▶ [Exercise brief]:
Pictures are to be left out. Copy exactly, and only, the lines from the start of the entries below to the line with "Ideas spurring innovation", both included.

▶ [Record set]:
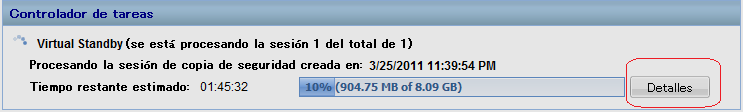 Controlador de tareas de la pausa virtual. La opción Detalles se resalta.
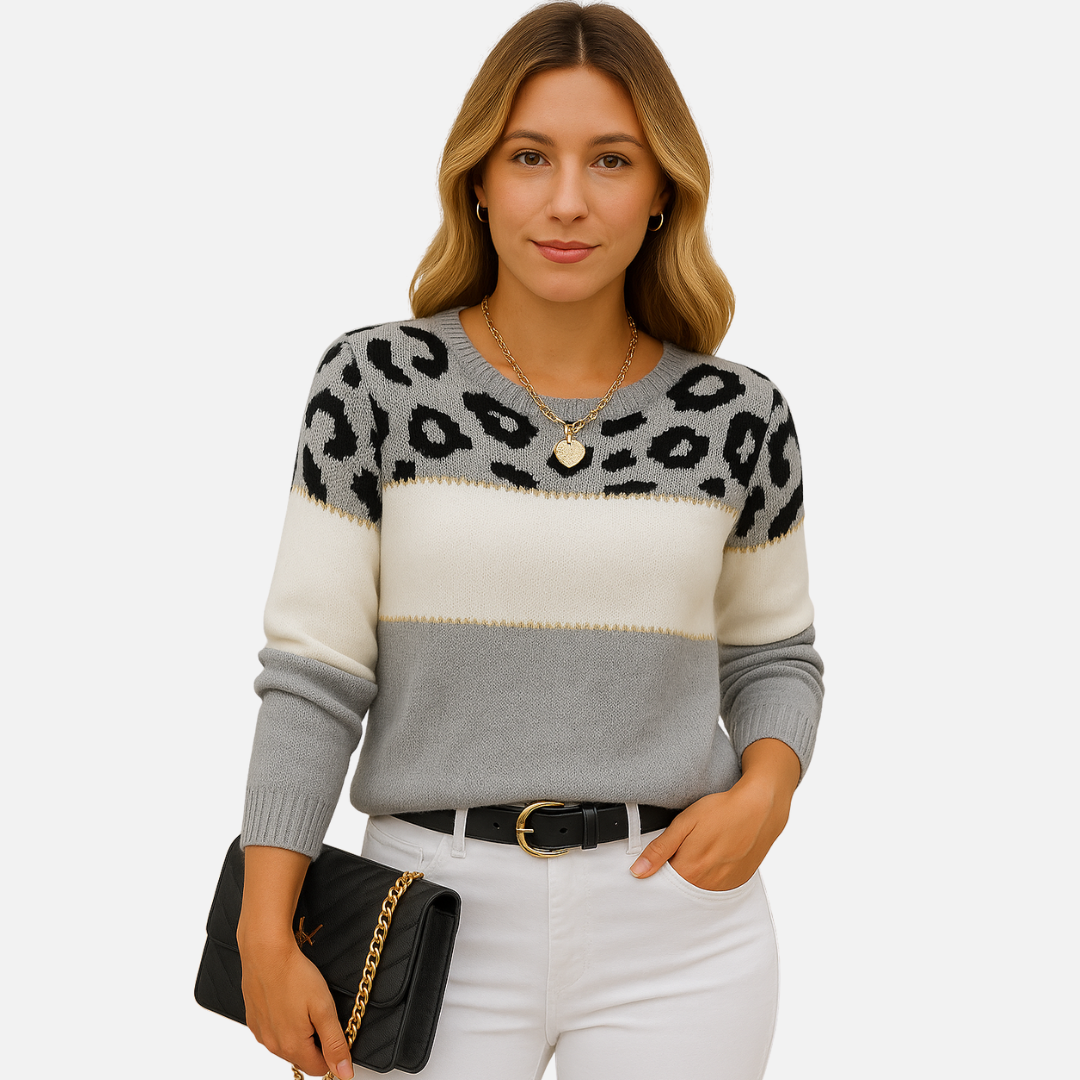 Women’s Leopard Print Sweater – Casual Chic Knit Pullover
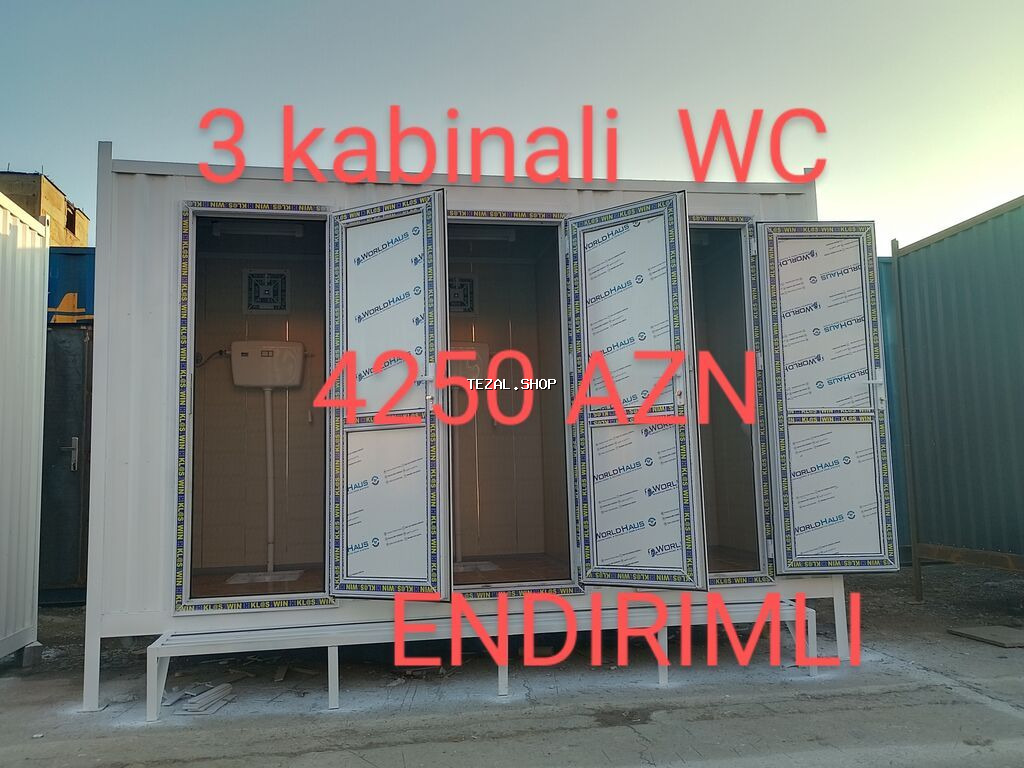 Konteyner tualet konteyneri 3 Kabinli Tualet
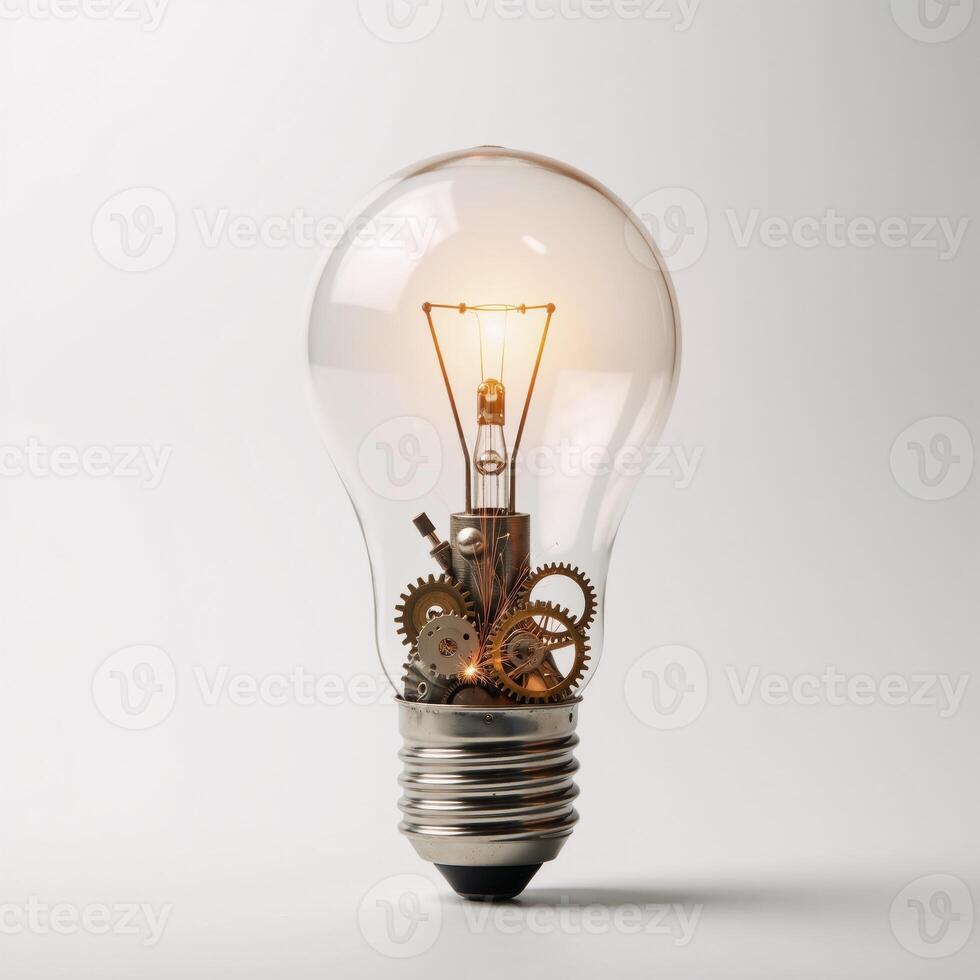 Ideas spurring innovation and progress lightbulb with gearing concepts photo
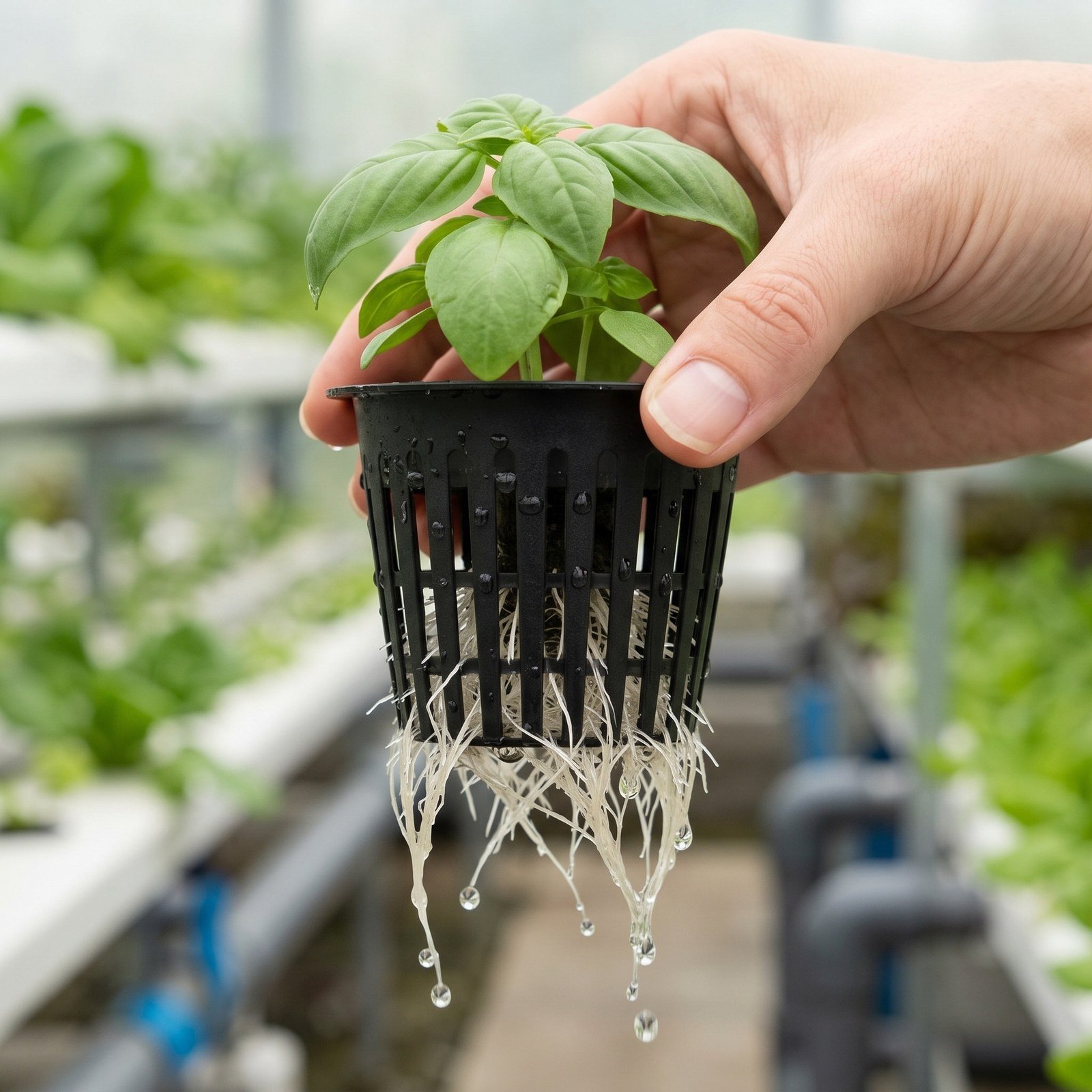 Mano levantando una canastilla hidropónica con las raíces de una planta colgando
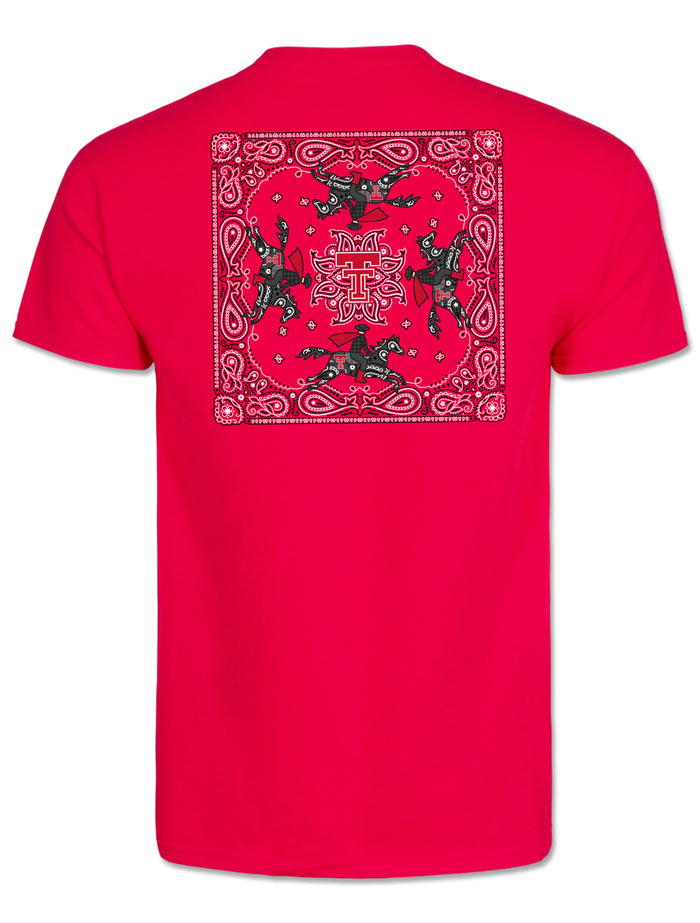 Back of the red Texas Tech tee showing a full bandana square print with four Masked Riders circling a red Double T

▶ [Expected answer]:
 Controlador de tareas de la pausa virtual. La opción Detalles se resalta.
 Women’s Leopard Print Sweater – Casual Chic Knit Pullover
 Konteyner tualet konteyneri 3 Kabinli Tualet
 Ideas spurring innovation and progress lightbulb with gearing concepts photo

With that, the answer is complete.